Understanding Linux and FreeBSD Structure

Abstract Comparison
FreeBSD(Berkeley Software Distribution) and Linux are Unix-based, free, opensource operating systems. Linux and FreeBSD share similarities, but still, there are many considerable differences exist between them. Technically, Linux is just a kernel. As its name indicates, the operating system’s kernel is the core that makes it function. The software kernel is what manages the computer’s resources: it communicates with installed devices and applications, administrates the memory correctly, distributes processing time for all programs, communicates with storage devices for saving files etc.
Linux distributions have to do the work of bringing together all the software required to create a complete Linux OS and combining it into a Linux distribution like Ubuntu, Mint, Debian, Fedora, Red Hat, or Arch. There are many different Linux distributions. Combine Linux kernel with GNU software and other components and you’ve got Linux ‘operating system.This is why Linux operating system called GNU/Linux.

FreeBSD, like Linux, is a free, open-source and secure Berkeley Software Distributions or BSD operating system that is built on top of Unix operating systems FreeBSD is one of the most popular operating system distributions of BSD and one of the complete open-source BSD operating systems.The biggest difference between Linux and BSD is that Linux is a kernel, whereas BSD is an operating system (also includes the kernel) which has been derived from the Unix operating system. While the specific licensing that each family employs differs both of these families of systems are free and open source.

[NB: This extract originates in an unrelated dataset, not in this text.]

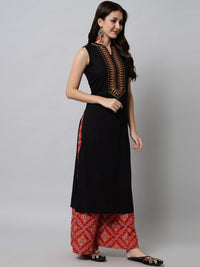 Thumbnail for floral-embroidered-mirror-work-mandarin-collar-straight-kurta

The overall feel and design of the systems are rather standardized and use similar patterns. The filesystem hierarchy is similarly divided, shell environments are the primary method of interaction for both systems, and the programming APIs share similar features. FreeBSD and Linux distributions are able to share many of the same tools and applications.
Both FreeBSD and Linux-based distributions are Unix-like in nature. FreeBSD has close roots to Unix systems of the past, while Linux was created from scratch as an open Unix-like alternative. This association informs decisions on the design of the systems, how components should interoperate, and the general expectations for what the system should look like and accomplish.

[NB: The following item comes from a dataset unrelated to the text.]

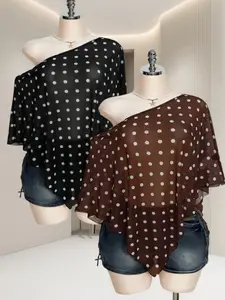 Plus Size Sweet Cool Polka Dot Asymmetrical Shoulder Top, Lightweight Chiffon Sheer Irregular Hem Women's Blouse Set, Two-Piece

History(Lineage) of the Linux And FreeBSD
In order to understand the whole free software movement, we should go back to the late sixties, early seventies.
At that time, large computer firms did not give software the same value it has today. They were mostly computer manufacturers whose main revenue was generated by selling their large machines, which came with some type of operating system and applications. Universities had permission to take and study the operating system’s source code for academic purposes. Users themselves could request the source code from drivers and programs, for adaptation to their needs. Software was not considered to have an intrinsic value and simply came with the hardware that supported it.
In this context, Bell laboratories (AT&T) designed an operating system called UNIX, characterised by its efficient management of the system’s resources, its stability and compatibility with the hardware made by different manufacturers (to homogenise all their systems). This last factor was very important (before then, every manufacturer had their own operating systems that were incompatible with the rest), since it made UNIX extremely popular.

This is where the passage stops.